Nathan Barbakoff, 37, an advisor at OnePoint BFG Wealth Partners, says the first step he likes to take with a client in such a scenario is to help them through the initial shock. “I tell them, ‘It is OK to be angry, it’s OK to be frustrated, and it’s OK to be at home and sulk for a few days.’ I want to make sure clients feel validated,” he says.

Daniel Song, 38, a partner and wealth manager at Merit Financial Advisors, says that one of his clients recently lost a job at a big company. That person, around 50 years old, wondered how this could happen. They believed they would eventually retire from that company, says Song.

He initially focused on the emotional aspects of his client’s situation, in part by sharing some of his own career experiences. Moving to the client’s financial picture, he then focused on liquidity, or available cash, and covering essential expenses.

The specifics of a client’s career arc will drive how the financial advisor approaches these situations. Is the client early in a career, in which case they may have parents, siblings or extended family to help tide them over until they find another job?

Are they in the middle of their careers, say mid-40s to mid-50s, with children still at home, college tuitions on the horizon, and maybe elderly parents to support? Or are they in their late 50s or 60s, possibly on the cusp of retirement with a comfortable nest egg built up?

Income replacement.

For Jenny Harrington, 50, CEO and a portfolio manager at Gilman Hill Asset Management, the common thread for any job loss is “how much income do you need?” “It’s all about income replacement.”

Advisors can also wear the hat of a career counselor in these situations. As clients become a little more senior in their careers, it can be harder to find a job with a commensurate salary, benefits, and title. “Sometimes the only option is just to take a step back and start from a couple notches down and work your way back up,” says Tony Delane, 32, an advisor at Halbert Hargrove.

An advisor can also help a client negotiate severance pay, depending on the situation.

In some instances, a client may have salted away savings to pay for six months of expenses—or even longer. “Obviously the emergency reserves go first,” says Barbakoff. “That’s why they’re there.”

If the reserves aren’t sufficient, the next step is to consider selling investments. Advisors can help clients manage tax impact, in some cases by using losses to offset capital gains.

Other possible areas for discussion include stock options, annual bonuses, healthcare coverage and electing to use Cobra, or the Consolidated Omnibus Budget Reconciliation Act. It allows a former employee and their families to stay on the company’s insurance for a specified time period. Other cash sources that may work include home equity lines of credit and borrowing against an investment portfolio.

Who is vulnerable?

Advisors encourage clients to have rainy day funds for this kind of an emergency. “We really try to get to the bottom of how risky their job is,” says Delane, who points out that clients in certain sectors like tech can be especially vulnerable to layoffs.

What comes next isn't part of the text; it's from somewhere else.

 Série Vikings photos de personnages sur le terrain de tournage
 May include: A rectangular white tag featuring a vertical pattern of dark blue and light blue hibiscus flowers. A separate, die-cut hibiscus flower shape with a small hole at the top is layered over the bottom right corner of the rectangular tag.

When a job loss does strike, he says, it’s important to analyze a client’s expenses as part of a budget analysis. He uses a hypothetical example of a client with a big mortgage, car payments, and children in private school. “That’s a lot harder than somebody who’s living within or below their means and who can cut some of that discretionary spending,” he says.

Another key role for an advisor in these scenarios is to help clients avoid costly mistakes. For example, it might make sense to take severance in two different calendar years, not one, to lessen the tax burden. Tapping a retirement account before age 59½ carries a tax penalty of 10% on top of the regular tax levies for withdrawals.

Harrington warns clients dealing with a recent job loss not to “chase a high yield to replace the income without understanding what the risks are” in a fund or other financial products. “You could end up much, much worse off.”

New opportunities.

For all of the trauma that can come with a job loss, there are some potential silver linings.

Altfest says one of his clients lost his job but ended up working with his wife redesigning and flipping homes, a very satisfying transition. “People have built whole new careers out of losing their job and building something else completely different,” Altfest says. Advisors can help with that process. After all, says Altfest, “You know them well financially, and you can provide more impartial advice.”